Ectopic expression of O/E-1 enhances adipocyte differentiation of mouse embryonic fibroblasts. Cells were infected with an empty retrovirus vector or viruses harboring O/E-1 cDNA and were induced to differentiate by the addition of MDI plus darglitazone or the vehicle (DMSO) 2 days postconfluence. Cultures were stained with Oil Red O 10 days postinduction. Petri dishes and micrographs from one representative experiment out of two are shown.

FIG. 6.

O/E-1 promotes adipocyte differentiation of NIH 3T3 fibroblasts. (A) NIH 3T3 cells were infected with empty retroviruses (vector) or viruses containing O/E-1 or PPARγ2 cDNA. Nuclear extracts were prepared, and the presence of O/E protein was analyzed by EMSA with the mb-1 O/E-1 probe.
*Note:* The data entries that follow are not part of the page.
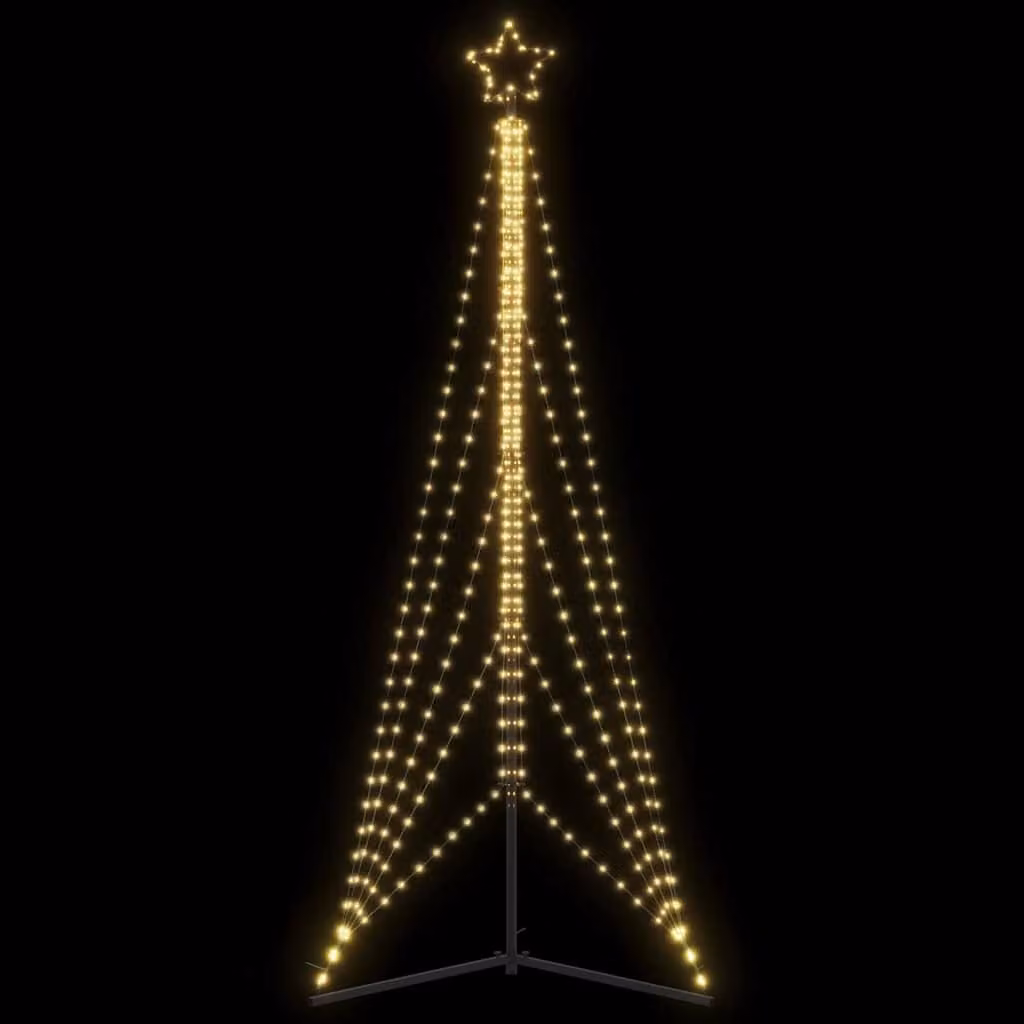 Albero di Natale con 525 LED vidaXL, luce bianco caldo e decorazione a stella, Altezza: 300 cm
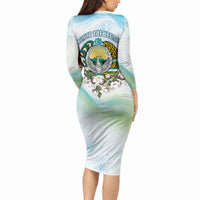 Uzbekistan Independence Day Long Sleeve Bodycon Dress Honor The Legacy Flying Eagle Plants National Emblem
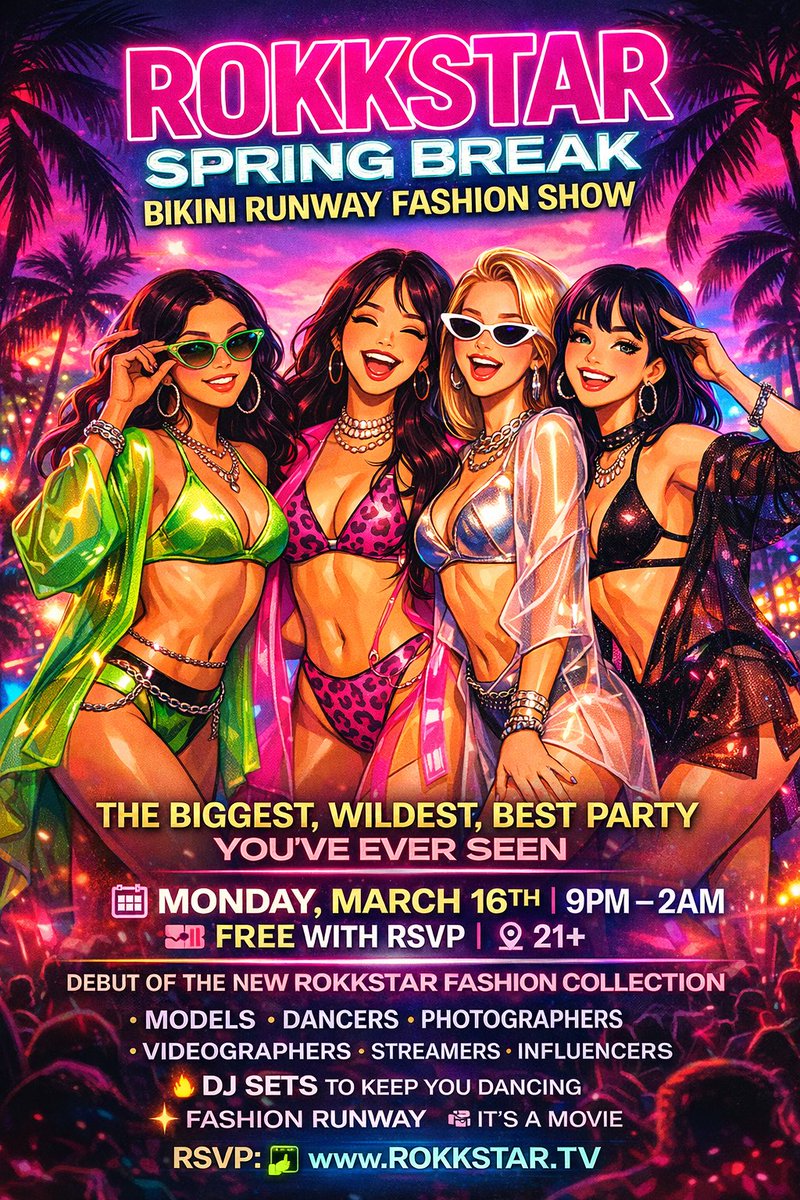 RokkStarTV's tweet photo. 🗓️ Monday March 16th
🎟️ FREE Entry with RSVP @ https://t.co/tpY6zyTnBU 📲
📍 351 S Broadway Los Angeles 90013 [ DTLA ]
🎧 DJ Sets
🪩 Dancing
👠 Models
👯‍♀️ Dancers 💸
📸 Photographers
🤳 Streamers
🎥 Videographers
🎨 Stylist 
🔦 Casting Agents
💫 Modeling Agencies
⌚️ 9PM-2AM
🎪 21+ https://t.co/cdGEM5oWnh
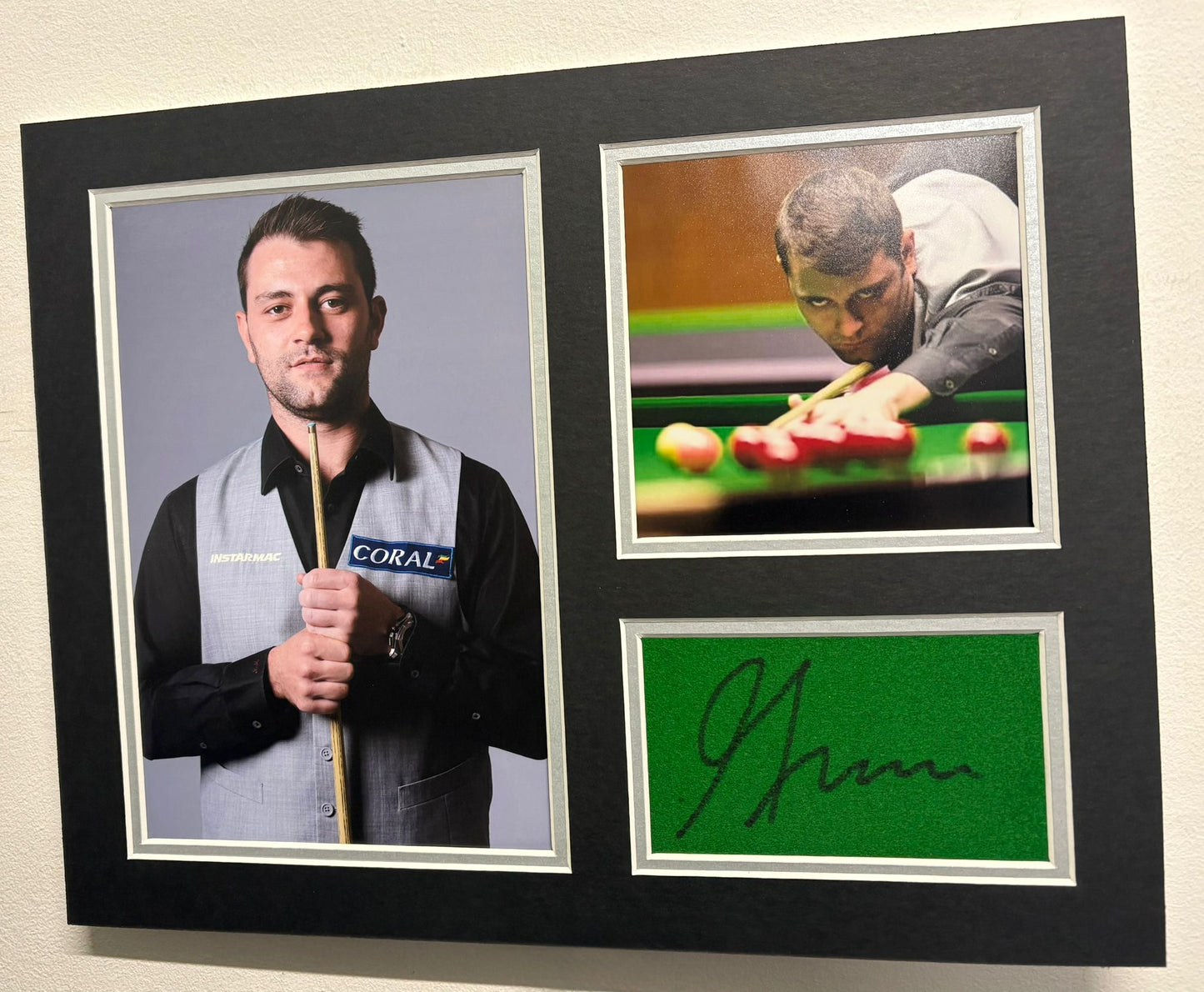 Professional Snooker Player Mitchell Mann Signed Table Baize Display + Cert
The Oct probe was included as a control for protein content, and nuclear extracts from 3T3-L1 cells, differentiated for 4 days by the addition of MDI, were included for a comparison of O/E levels. F indicates free probe. (B) Infected NIH 3T3 cells were treated with MDI and either darglitazone or the vehicle (DMSO) 2 days after confluence. The cultures were stained with Oil Red O after 10 days of differentiation. Petri dishes and micrographs from one representative experiment out of four are shown. (C) GPDH levels of infected cells after differentiation. Infected cells were induced to differentiate by the addition of MDI and darglitazone, and RNA samples were harvested after 4 days of differentiation. DNase-treated samples were used for cDNA synthesis and subsequent quantitative real-time-PCR analysis. The results of one representative experiment out of two are shown.

FIG. 7.

A dominant negative (DN) O/E-1-Engrailed fusion protein represses O/E-1-dependent target promoters. (A) Schematic drawing of the O/E-1-Engrailed construct. Amino acids 1 to 430 of mouse O/E-1 were N-terminally fused to amino acids 1 to 298 of the Drosophila Engrailed protein. DBD, DNA binding domain. (B) The O/E-1-Engrailed hybrid cDNA was cloned into the pcDNA3 expression vector and used in cotransfection experiments. 70Z/3 pre-B cells were transfected with empty pcDNA3 (vector) or pcDNA3 containing O/E-1-Engrailed (O/E-Engrailed) in conjunction with reporter plasmids containing the luciferase gene driven by the mb-1, B29, or CMV promoter. The resulting luciferase activities from three transfections are indicated.

FIG. 8.

Dominant negative O/E-1 reduces the level of adipogenesis of 3T3-L1 preadipocytes. (A) 3T3-L1 cells were infected with empty retrovirus (vector) or retroviruses harboring the O/E-1-Engrailed hybrid cDNA (O/E-1-Engrailed) and treated with MDI 2 days postconfluence. Adipocyte differentiation was assessed by Oil Red O staining 5 days after induction. Petri dishes and micrographs from one representative experiment out of four are shown. (B) Total RNA samples were extracted from cultures at 2 and 5 days postinduction (lanes 2 and 5, respectively). cDNAs were synthesized from DNase-treated RNA, and quantitative real-time PCR was performed with primers for the indicated adipocyte differentiation markers.